Over the years, the organization has rebranded itself several times. In the early years (1948–1956) it was known as the International Union for the Protection of Nature. Between 1990 and 2008, it tried on the shorter “World Conservation Union,” but ultimately switched back.
International cooperation has endured for 70-plus years, and today, the International Union for the Conservation of Nature collaborates with over 16,000 volunteer scientists in over 160 countries. Additionally, 1,400 government and privately funded agencies participate. And finally, approximately 1,000 full-time staff in 50 countries keep the IUCN running.
The Red List
In 1994, the IUCN unveiled the Red List — an international ranking of endangered species. Currently, the Red List categorizes about 60,000 plant and animal species into seven categories:
- Extinct: Animals that no longer exists anywhere on Earth
- Extinct in the Wild: Species only extant in captive environments, like zoos
- Critically Endangered: Animals on the verge of becoming extinct in the wild characterized by rapid popular decline
- Endangered: Endangered animals are also on the verge of becoming extinct, but their populations are larger than species listed as Critically Endangered.

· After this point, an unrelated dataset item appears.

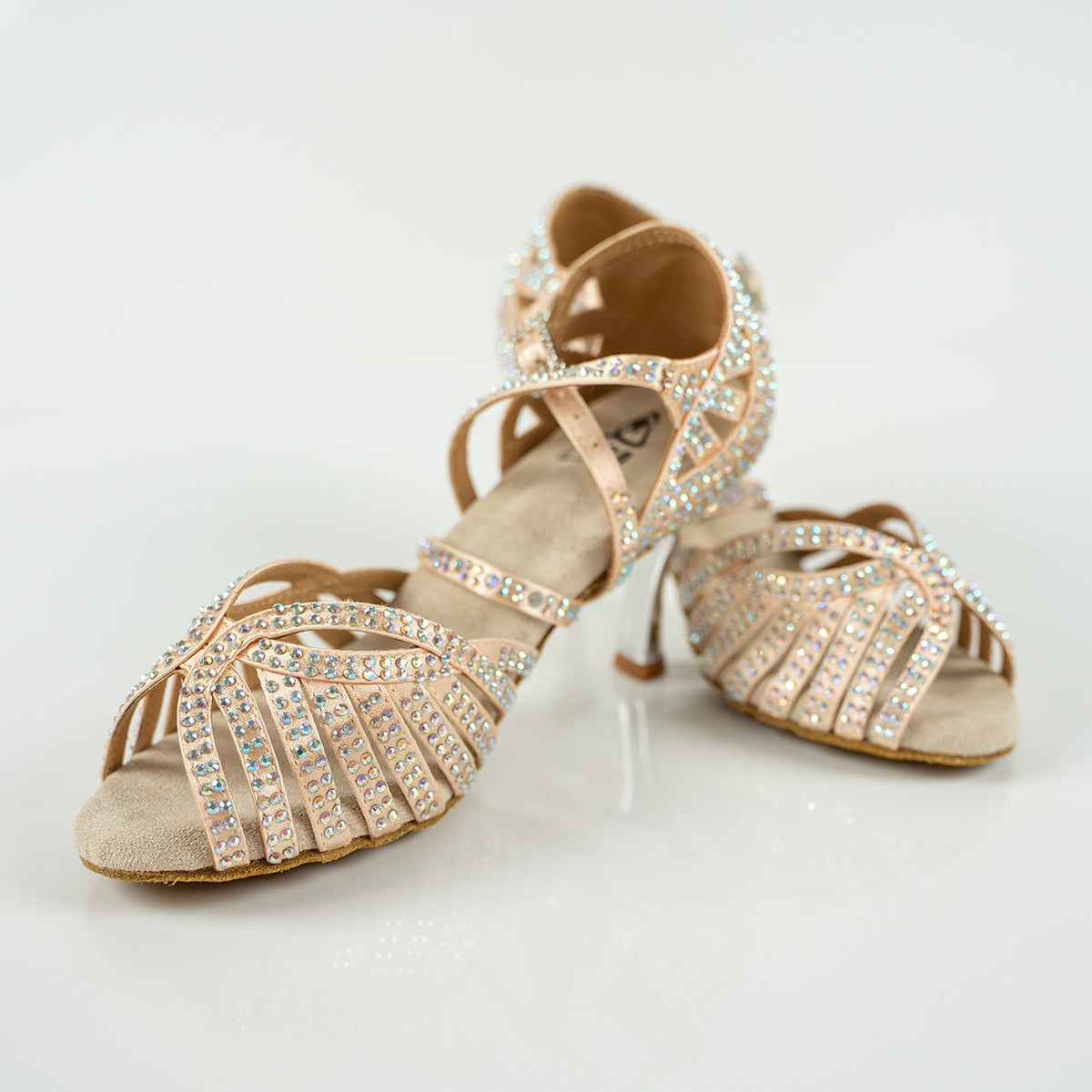 Abelia Nude Dance Shoes with Extra Cushioned Padding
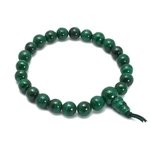 Malachite Power Bead Bracelet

- Vulnerable: Species experiencing steady declines over several decades with habitat loss issues looming
- Near Threatened: Animals that are recently experiencing population declines
- Least Concern: Species with healthy populations and no immediate threats
Two supplementary categories, Data Deficient and Not Listed, serve as catchalls for animals and plants with healthy populations.

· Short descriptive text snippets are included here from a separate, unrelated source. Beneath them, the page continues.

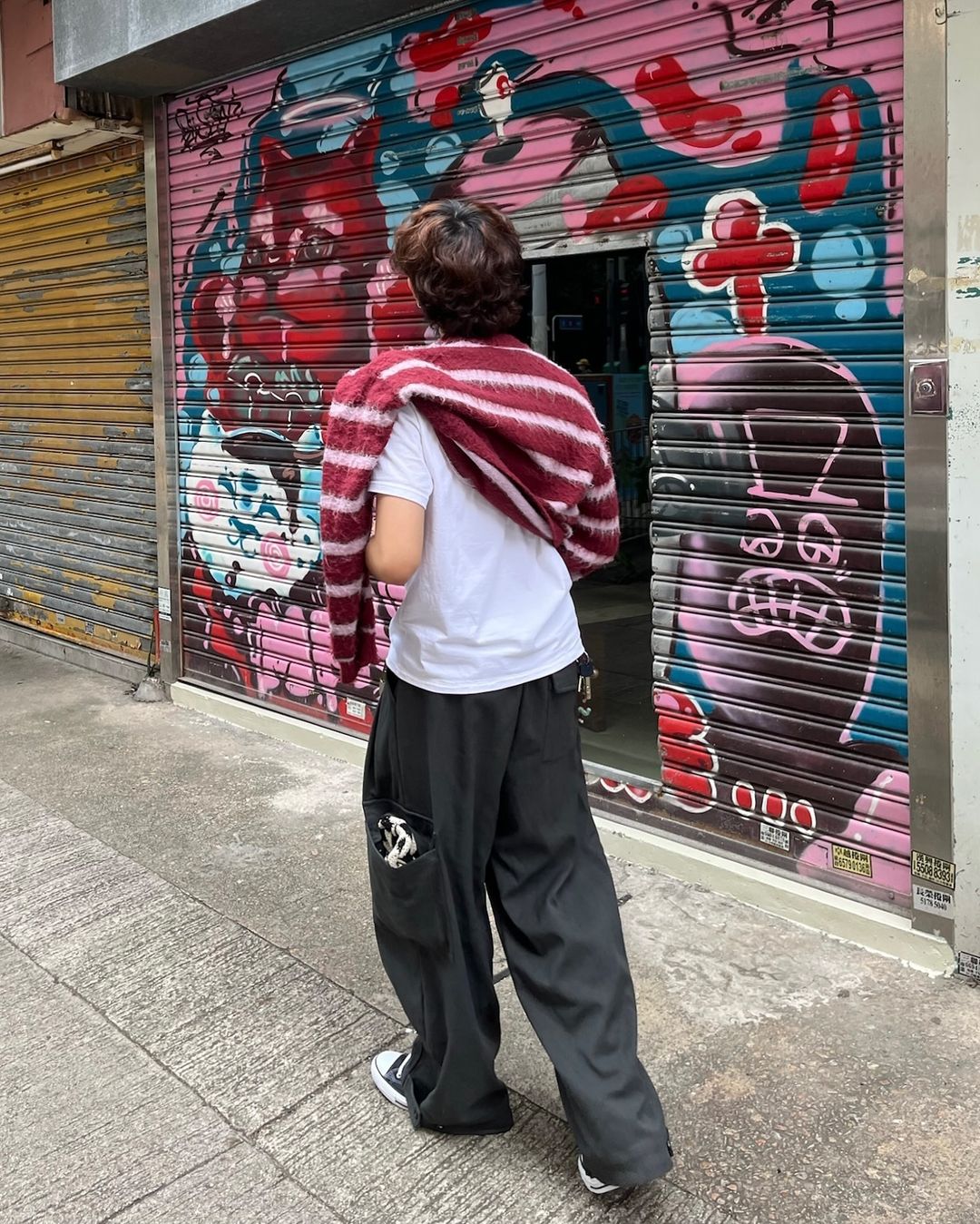 손 자주 가는 스트라이프🧶 이미지7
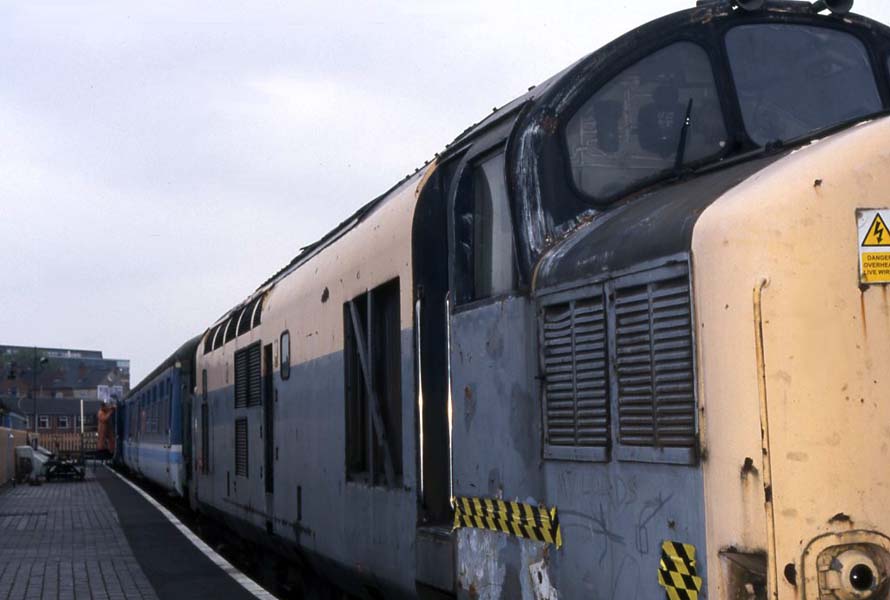 Railway museum Tyseley.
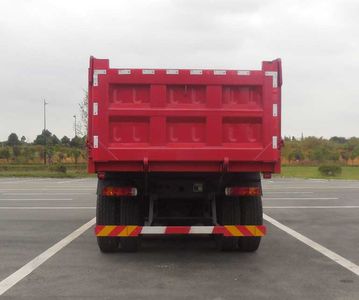 Guotong brand automobiles CDJ3250ZCQ Dump truck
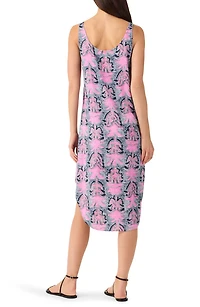 Petal Patch Live-In Midi Tank Dress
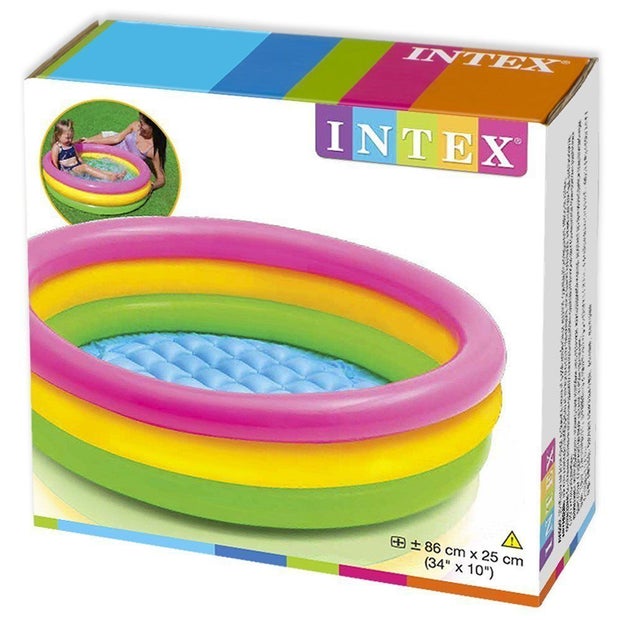 Intex Sunset Glow Inflatable Baby Pool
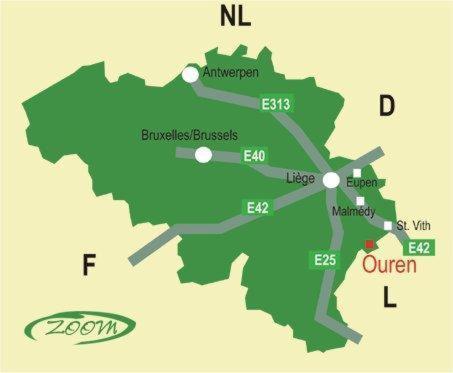 Hotel Dreilaenderblick Ouren Bagian luar foto
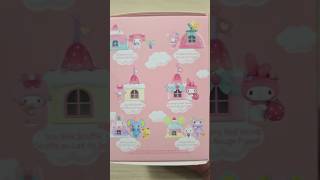 My Melody Blind box♡ #mymelodysanrio #blindbox #miniso #hellokittyandfriends #pink #cute #unboxing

Who Makes Decisions at the IUCN?
We’ve answered the question: What is the IUCN? Now, let’s look at it’s structure — specifically, the organization’s decision-making body.
Called the World Conservation Congress, IUCN’s assembly convenes every four years. During the plenary session, members elect officers and approve budgets. The current president is Zhang Xinsheng, and Bruno Oberle holds the Director General position.

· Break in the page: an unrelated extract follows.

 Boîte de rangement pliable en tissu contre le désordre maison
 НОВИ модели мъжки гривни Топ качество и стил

Frequently Asked Questions
The ultimate purpose of the IUCN is to preserve and learn about nature. Thousands of volunteer and staff scientists collaborate on animal- and plant-related research and conservation projects.
IUCN stands for International Union for the Conservation of Nature. The official name of the organization, however, is the International Union for Conservation of Nature and Natural Resources.
The International Union for the Conservation of Nature maintains seven endangered categories and two neutral categories. The endangered species categories are Extinct, Extinct in the Wild, Critically Endangered, Endangered, Vulnerable, and Near Threatened. The other two categories, Data Deficient and Not Listed, are for animals that aren’t in danger.
Yes, the IUCN is reliable in terms of scientific data and institutional knowledge. Nearly every country heeds its advice, and the organization maintains both observer and consultative status with the United Nations. Ultimately, it’s one of the three most influential environmental conservation groups in the world.
While the IUCN is a reliable organization that promotes sound scientific findings, it’s not free of criticism. The main knock against the organization is that it prioritizes nature over people — especially indigenous peoples. For example, the organization called for the expulsion of Maasai tribes from the Ngorongoro Conservation Area and Serengeti National Park, despite the area being their historical home.
Accusations of being too “northern” or “western” in their analysis and approach also plague the IUCN — as do concerns over corporate influence.